**Recorded information**
----------------

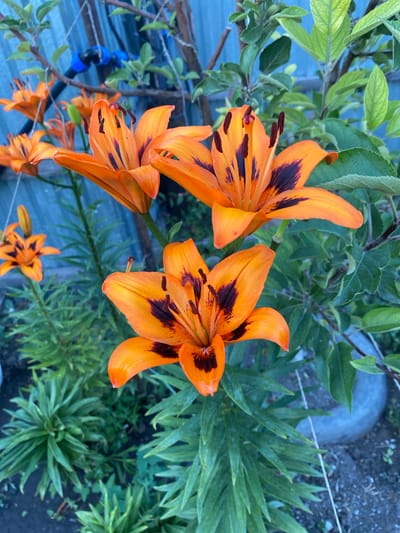 The media file shows a close-up, high-angle view of several bright orange tiger lilies with dark brown spots. The flowers are in full bloom, with their petals unfurled and stamens visible. The lilies are the main subjects, set against a backdrop of lush green foliage.
The setting appears to be an outdoor garden. In the background, there are hints of man-made objects, including a corrugated metal surface (likely roofing or siding) and some blue and black plastic piping, suggesting irrigation or plumbing. The ground is visible in some areas, appearing to be dark soil with some scattered small stones and possibly a thin white string or wire.
The lighting suggests it is daytime, likely sunny or overcast, with the natural light illuminating the vibrant colors of the flowers. There are no people visible in the media file, nor any text. The overall impression is one of natural beauty and growth, with the detailed focus on the lilies highlighting their intricate patterns and vivid coloration. The location context provided is Әуезов ауылдық округі, Kazakhstan, which places this scene in a rural or semi-rural setting within that region. The time of day and weather are not explicitly stated but can be inferred as daytime with potentially fair weather to allow the flowers to be in bloom and lit by natural light.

----------------

**Required action**
Please output the material as written, apart from the images.

**Expected output**
 The media file shows a close-up, high-angle view of several bright orange tiger lilies with dark brown spots. The flowers are in full bloom, with their petals unfurled and stamens visible. The lilies are the main subjects, set against a backdrop of lush green foliage.
The setting appears to be an outdoor garden. In the background, there are hints of man-made objects, including a corrugated metal surface (likely roofing or siding) and some blue and black plastic piping, suggesting irrigation or plumbing. The ground is visible in some areas, appearing to be dark soil with some scattered small stones and possibly a thin white string or wire.
The lighting suggests it is daytime, likely sunny or overcast, with the natural light illuminating the vibrant colors of the flowers. There are no people visible in the media file, nor any text. The overall impression is one of natural beauty and growth, with the detailed focus on the lilies highlighting their intricate patterns and vivid coloration. The location context provided is Әуезов ауылдық округі, Kazakhstan, which places this scene in a rural or semi-rural setting within that region. The time of day and weather are not explicitly stated but can be inferred as daytime with potentially fair weather to allow the flowers to be in bloom and lit by natural light.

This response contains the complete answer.